Just a doodle 15

One finger, one thumb, one hand, one arm, one leg, 
One nod of the head, then turn around, keep moving. 
One finger, one thumb, one hand, one arm, one leg, 
One nod of the head, then turn around, keep moving. 
One finger, one thumb, one hand, one arm, one leg, 
One nod of the head, then turn around, keep moving. 

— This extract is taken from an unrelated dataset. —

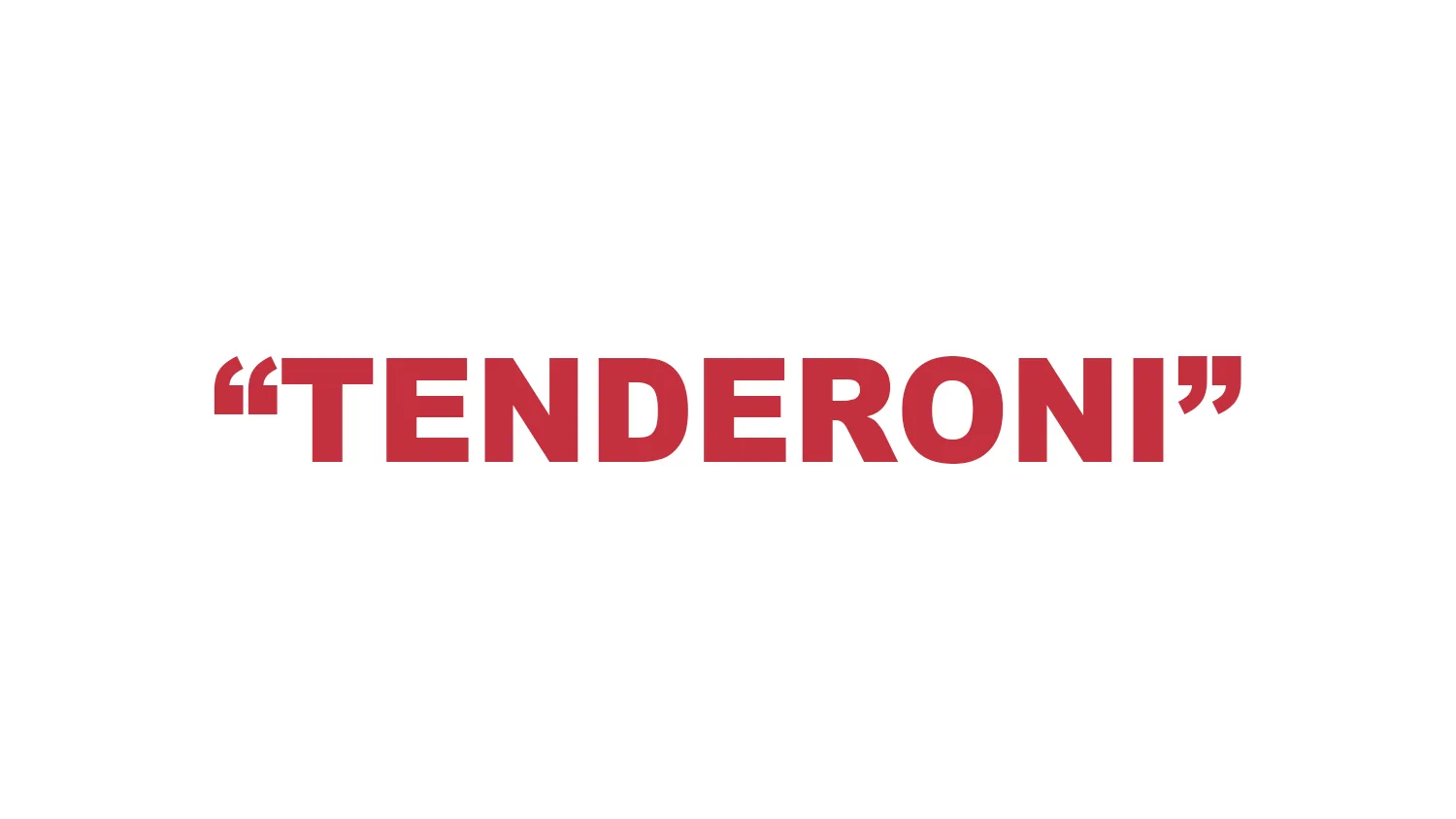 What does “Tenderoni” mean?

Man and society are resurrected every moment in the act of hope and of faith in the here and now; every act of love, of awareness, of compassion is resurrection; every act of sloth, of greed, of selfishness is death.*
Erich Fromm

*From Erich Fromm’s The Revolution of Hope.

Just a doodle 14

First, pay close, foolish, even absurd attention to things. Then allow their structure, form, and nature to set the limits for the experiences you derive from them. By refusing to ask what could be different, and instead allowing what is present to guide us, we create a new space.*
Ian Bogost

*From Ian Bogost’s Play Anything.

Sowing seeds

Though I do not believe that a plant will spring up where no seed has been, I have great faith in a seed. Convince me that you have a seed there, and I am prepared to expect wonders.*
Henry David Thoreau

The first thing I learned is that what a seed looks like depends on what it does to survive.**
Austin Kleon

*Henry David Thoreau, quoted in Austin Kleon’s blog: What does a seed look like?;
**From Austin Kleon’s blog: What does a seed look like?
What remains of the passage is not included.